The damn cat had managed to climb on top of our wardrobe and jump down on Ann's bed. We told the kitty to be quiet and fell asleep again. Again, the falling cat, this time from the top of our bookshelf and on my bed.

We didn't get much sleep that night. It was amazing how an animal that had been so quiet a few hours ago now had to crash-land on top of one of us every ten minutes. The cat reminded me of werewolves - sleepy by day, hyperactive by night. As soon as we closed our eyes, one of us woke up with a scream. It was the closest thing to living with a baby I had experienced that far.

About three in the morning, I got up and went to the bathroom. It was at the end of the hallway. Walking back in my half-asleep daze, I saw the door of our room open and Muffy fly out in a graceful arc. She landed on her feet and ran off.

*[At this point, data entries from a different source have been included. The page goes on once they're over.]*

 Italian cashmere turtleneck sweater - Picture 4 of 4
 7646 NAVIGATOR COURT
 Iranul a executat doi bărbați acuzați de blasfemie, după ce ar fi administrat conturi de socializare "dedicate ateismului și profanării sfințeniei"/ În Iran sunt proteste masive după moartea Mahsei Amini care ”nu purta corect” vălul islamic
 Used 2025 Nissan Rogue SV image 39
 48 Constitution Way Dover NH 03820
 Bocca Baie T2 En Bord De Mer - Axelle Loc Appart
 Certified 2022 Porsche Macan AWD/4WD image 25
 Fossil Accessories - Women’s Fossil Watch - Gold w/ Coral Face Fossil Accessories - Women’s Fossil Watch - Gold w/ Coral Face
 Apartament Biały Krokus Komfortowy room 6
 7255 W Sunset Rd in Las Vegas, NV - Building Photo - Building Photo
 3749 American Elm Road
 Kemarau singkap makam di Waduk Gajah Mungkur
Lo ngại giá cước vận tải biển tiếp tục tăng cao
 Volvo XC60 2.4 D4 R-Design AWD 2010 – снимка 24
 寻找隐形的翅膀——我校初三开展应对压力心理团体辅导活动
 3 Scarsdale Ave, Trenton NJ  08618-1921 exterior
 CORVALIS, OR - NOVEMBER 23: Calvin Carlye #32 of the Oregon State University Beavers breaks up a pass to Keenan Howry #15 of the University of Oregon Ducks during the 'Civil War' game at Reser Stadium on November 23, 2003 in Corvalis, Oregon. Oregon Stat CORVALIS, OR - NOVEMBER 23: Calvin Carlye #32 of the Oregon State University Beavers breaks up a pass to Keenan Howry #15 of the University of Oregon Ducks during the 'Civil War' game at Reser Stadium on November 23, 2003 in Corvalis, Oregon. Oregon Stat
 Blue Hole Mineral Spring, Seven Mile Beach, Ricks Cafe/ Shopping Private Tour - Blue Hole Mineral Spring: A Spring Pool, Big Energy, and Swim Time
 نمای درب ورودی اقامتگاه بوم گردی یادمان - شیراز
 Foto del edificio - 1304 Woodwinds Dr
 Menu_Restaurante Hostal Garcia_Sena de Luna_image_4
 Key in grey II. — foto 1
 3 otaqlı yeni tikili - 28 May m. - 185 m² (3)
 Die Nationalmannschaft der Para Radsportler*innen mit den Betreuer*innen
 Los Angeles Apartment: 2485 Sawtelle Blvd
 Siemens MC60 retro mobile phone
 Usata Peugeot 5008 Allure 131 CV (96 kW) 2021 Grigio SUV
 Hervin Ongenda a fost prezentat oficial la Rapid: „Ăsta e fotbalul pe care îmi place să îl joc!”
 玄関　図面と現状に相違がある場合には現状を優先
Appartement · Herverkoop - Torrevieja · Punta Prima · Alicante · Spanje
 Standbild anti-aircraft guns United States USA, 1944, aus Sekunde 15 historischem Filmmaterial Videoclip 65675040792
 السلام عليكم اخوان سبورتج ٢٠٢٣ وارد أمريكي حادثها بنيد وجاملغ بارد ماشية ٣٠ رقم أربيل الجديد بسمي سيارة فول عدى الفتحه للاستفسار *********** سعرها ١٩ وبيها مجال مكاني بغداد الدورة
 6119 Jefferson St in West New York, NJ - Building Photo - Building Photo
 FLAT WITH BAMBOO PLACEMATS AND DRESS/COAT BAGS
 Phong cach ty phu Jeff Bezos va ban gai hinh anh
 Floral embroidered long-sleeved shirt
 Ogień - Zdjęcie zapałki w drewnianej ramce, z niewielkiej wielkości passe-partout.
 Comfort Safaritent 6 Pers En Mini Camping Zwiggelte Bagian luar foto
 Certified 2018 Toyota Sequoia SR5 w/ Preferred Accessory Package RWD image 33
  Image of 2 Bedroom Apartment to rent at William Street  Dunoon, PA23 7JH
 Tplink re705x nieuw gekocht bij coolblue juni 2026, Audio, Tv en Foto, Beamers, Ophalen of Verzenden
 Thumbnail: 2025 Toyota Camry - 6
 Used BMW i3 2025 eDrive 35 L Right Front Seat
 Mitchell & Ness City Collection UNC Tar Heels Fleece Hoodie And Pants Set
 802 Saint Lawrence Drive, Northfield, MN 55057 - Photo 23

I must had realized that my roommate, the sweet Ann, had just tossed the cat out of our room, but I was so sleepy by then, it didn't seem like a big deal. Besides, I said to myself, the cat would still be here in the morning. We'd bring her back in and Helen would be none the wiser. I fell into my bed and didn't register another thing till my alarm went off four hours later.

Ann and I got up and went looking for the cat.

The cat was nowhere to be found.

We couldn't understand it. All the doors in our building had been closed and locked for the night. Where could she go? And what would we say to Helen? And what the hell had happened to Muffy?? For the first time, I felt a weak pang of guilt. By the time my work day was over, I was crazy with worry. Visions of a tortured, murdered cat were filling my mind.

After work, we spent all evening running around the building, worried sick, looking for Muffy. Eventually we gave up and went into the kitchen to make dinner. Our neighbor Inna was there.

Inna, by our building's standards, was stinking rich. She worked in a clothing store; her husband worked at a meatpacking plant. That meant she had access to clothes and he had access to meat. In the 1990 Russia, with its shortage of just about everything, it was a gold mine. When Inna cooked dinner, the rest of us tried not to look; she used ingredients that none of us could either afford or find in a store. But she was a kind, well-meaning woman, and we were willing to overlook her in-our-faces wealth. We said hi to Inna and went on making our dinner.

"Can you guys believe we found a cat today?" she asked us excitedly.

We jumped. "What!?"

"Yes, a cat! My son wanted a cat for so long, and this morning, I walked out of my room, and there was one just sitting there! A small black kitty, very cute. It's a girl. I'm going to keep her. Just gave her sour cream for dinner."

Ann and I hadn't eaten sour cream in weeks, but we nodded happily.

"Good for you, Inna! Nice cat, huh?"

"Yes! We called her Fuzzy!"

Hey, definitely better than Muffy.

Helen seemed to take the news quite well when we broke it to her the next day. She never tried to claim Muffy/Fuzzy back. Eventually Inna and her husband built a house and moved into it with their son and, hopefully, Fuzzy.

Since I now try to add a moral to every story I tell, here is what we can learn from this one - everything happens for a reason; and, more often than not, whatever happens, happens for the better. Muffy was much better off with Inna, who cared about her and fed her gourmet food, than she would have ever been with her original owners, a random group of college guys with a tendency to leave town for weeks and dump their cat on the first person that came along.

Which in turn proves that there must be a higher power taking care of us. At least as far as cats are concerned.

That said, don't ever throw cats out of your residence. That stunt was performed by a trained professional, and you should never, ever try it at home.